Post scriptum - Nei quaderni di
appunti la citazione che riportiamo in fondo a queste righe non appare, anche se
avrebbe potuto esserci, faceva in tempo. L’edizione inglese della raccolta
infatti uscì nel 1995 e il testo in questione porta addirittura la data del
1988, proprio alla vigilia del Grande Crollo. È di un russo, il più amabile
scrittore russo del XX secolo, un esule che parve sprezzare le vendette, le
rivincite, le liberazioni e le stesse vicende della storia che pure lo avevano
perseguitato fin da giovinetto e con spietatezza. Diceva ai suoi studenti in
una università americana: «Cercate di non dare troppa importanza ai politici
non tanto perché siano ottusi e disonesti […] ma a causa delle proporzioni del
loro lavoro eccessivo anche per i migliori tra loro […]. Tutto ciò che possono
fare, uomini o partiti, è, al massimo, diminuire i mali della società, non
sradicarli». Il sottotono stupendo di Josif Brodskij corregge, attutisce,
stempera le pagine precedenti che danno ancora un peso eccessivo a certe
insulse azioni collettive degli umani. Ma la citazione che si vuole apporre è
un’altra, ricavata da un discorso tenuto ai ragazzi dell’Università del
Michigan.
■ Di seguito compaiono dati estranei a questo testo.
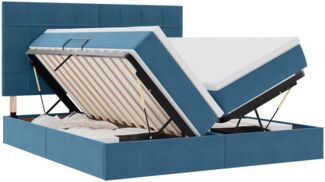 vidaXL Aufbewahrungsbett mit Matratze Dunkelblau 180 x 200 cm Samt 3372249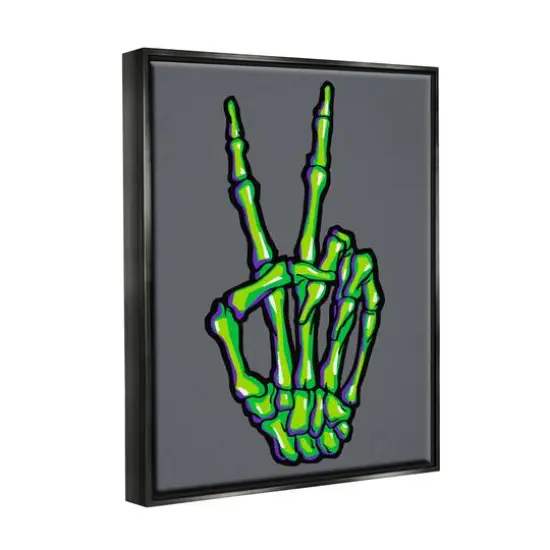 Stupell Industries Green Skeleton Peace Hand Framed Floater Canvas Wall Art Black {4}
Dopo aver passato in rassegna in queste cinque puntate tanti cattivi
maestri, tante teorie scarsamente logiche, forse lasciandoci turbare ancora a
quei tempi dal cimiteriale archivio delle faziosità ideologiche, facciamo
concludere al buonsenso di un poeta che dice intorno al ribellismo cose in
totale controtendenza con il vocio rimbombante dei demagoghi (e non per
moralismo bensì per spirito cavalleresco, per arte di tiratori scelti): «Ora, e
nel tempo a venire, cercate di rispettare i vostri genitori. Se questo vi
ricorda troppo fastidiosamente l’‘onora il padre e la madre’, pazienza. Quello
che sto tentando di dire è di non ribellarvi ai genitori perché, con ogni
probabilità, moriranno prima di voi e quindi potreste risparmiarvi almeno un
senso di colpa, se non la causa del vostro dolore. Se dovete ribellarvi,
ribellatevi a coloro che non è così facile ferire. I genitori sono un bersaglio
troppo vicino (come pure, incidentalmente, le sorelle, i fratelli, le mogli o i
mariti); la sfera d’azione è tale che non si può sbagliare…» (in Profilo di Clio, Adelphi).